*** Opening of Data section ***

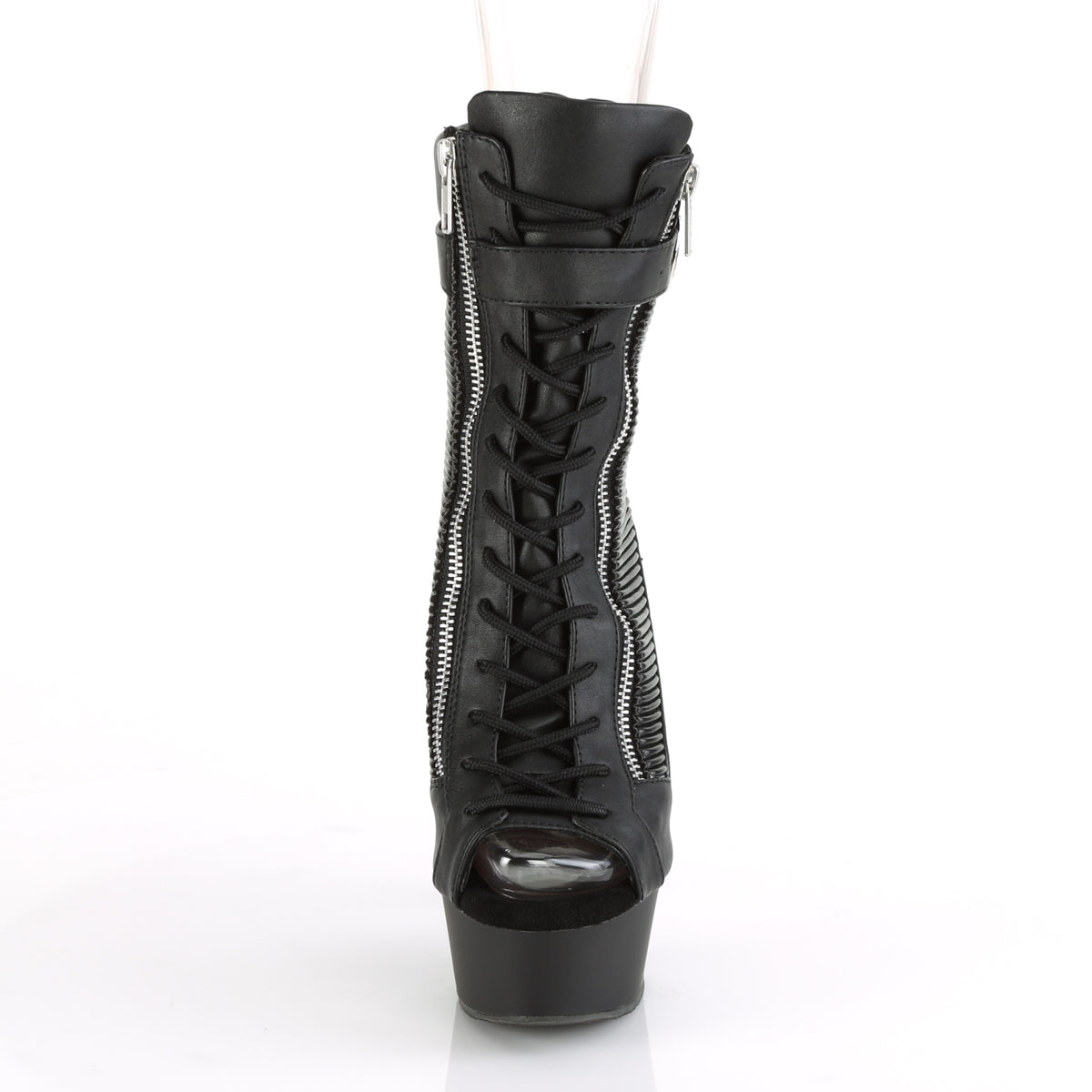 Pleaser Bottines pour femmes DELIGHT-1016-1 BLK FAUX CUIR / BLK MATTE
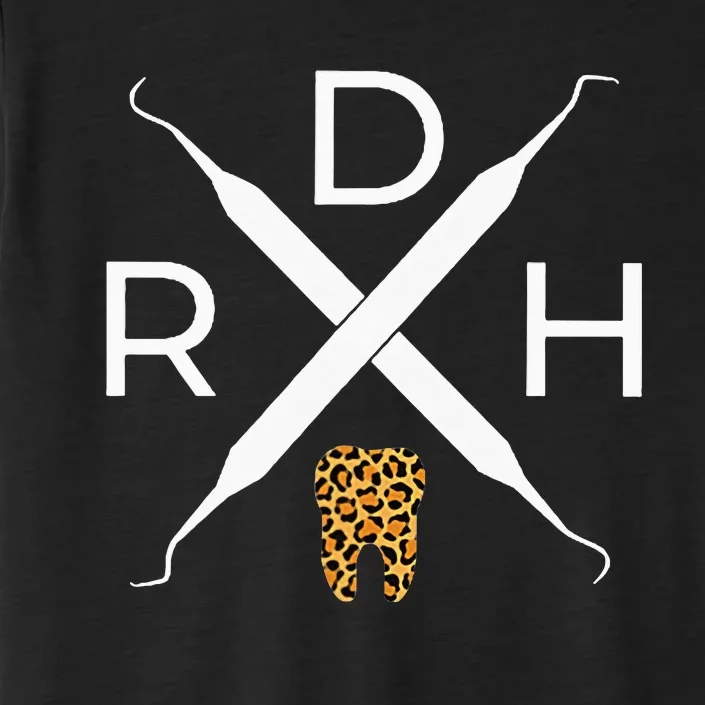 Rdh Scaler Logo With Leopard Print Tooth Dental Hygienist ChromaSoft Performance T-Shirt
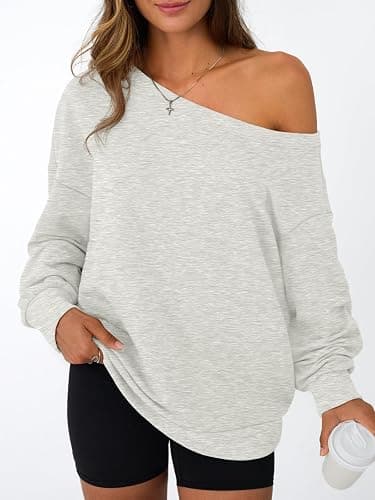 AUTOMET Women Off the Shoulder Sweatshirt Oversized Tops Fall Outfits 2025 Y2k Clothes Fashion Clothing Trendy Top thumbnail 5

*** Close of Data section ***

Exercise aim →
The listing above is to be set down word for word, without its images.

Completed task →
 Pleaser Bottines pour femmes DELIGHT-1016-1 BLK FAUX CUIR / BLK MATTE
 Rdh Scaler Logo With Leopard Print Tooth Dental Hygienist ChromaSoft Performance T-Shirt
 AUTOMET Women Off the Shoulder Sweatshirt Oversized Tops Fall Outfits 2025 Y2k Clothes Fashion Clothing Trendy Top thumbnail 5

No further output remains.